What frustrates, puzzles and angers me at times?
My faith. Particularly my passion for it. I wonder why faith, my Catholic faith and my attempted embrace of Catholicism's doctrines, dogmas and teachings, is something that consumes much of my thinking while not doing so, seemingly, for others. It is at times maddening.
Into that frustration steps Fr. Denis Lemieux:
Going out from God so as to return to God—this is the basic structure and movement of all created reality, and most especially the creature man. ‘We come from the mind of God and return to the heart of God,’ was Catherine Doherty’s poetic expression of the principle. God made something that is ‘not-God’ so that this not-God could enter into a communion of love with Himself. And this is the whole story, the sweeping movement of the entire action of God, as far as our poor human minds can understand it.

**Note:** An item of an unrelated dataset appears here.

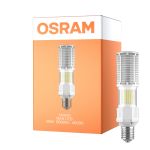 Osram NAV LED E40 50W 9000lm - 740 Blanc Froid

Of course, freedom is at the heart of all this. It is no communion of love if there is no freedom. God is not a rapist, forcing Himself on us. It’s a very subtle dynamic, one which we don’t fully understand. We do not actually have the freedom to enter communion with God, any more than we have the freedom to swim the Atlantic ocean or fly to the top of Mount Everest. It is beyond us.
But our freedom is required, to dispose ourselves towards that reditus, that return to God. God has to achieve the deed, but our willingness to co-operate with Him is necessary. He will not force us to love Him, even though the power by which we love Him is ultimately given to us by Him.
And so, being free, we can refuse. The exitus can become not just a going out from, but a going away from. In truth, we go out only to return: the exitus is only and absolutely for the sake of the reditus. But something in us rebels at this, there is no question. We want something of our own, something that is not God’s and is not to do with God.
There is nothing of that nature in existence. And so the flight away from God is a flight into nothingness, oblivion. It is supremely ironic; we flee from God because we reject the utter dependence and servility of our position with Him. But in fleeing from God we discover the shocking totality of our poverty and nothingness: we cannot ascend to the heights by our own power. And so we collapse into various forms of slavery and degradation: enslaved to the passions, to the spirit of the age, to the devil’s machinations, ultimately to the inevitability of death and destruction.
Meanwhile, God in his mercy awaits our return. And the way back is as near as the nearest altar, as the nearest confessional, the local parish. The book quoted here is Spirit of the Liturgy, after all, and Ratzinger is talking about where this reditus occurs.
It occurs through, with, and in Jesus, and Jesus is with us most fully, most assuredly in the Holy Sacrifice of the Mass.
The fact is that many folks aren't likely reading anymore and have clicked away but this sort of stuff I find fascinating, inspiring, moving, redemptive... necessary.
While others shrug.
Why in hell am I so weird comparatively speaking?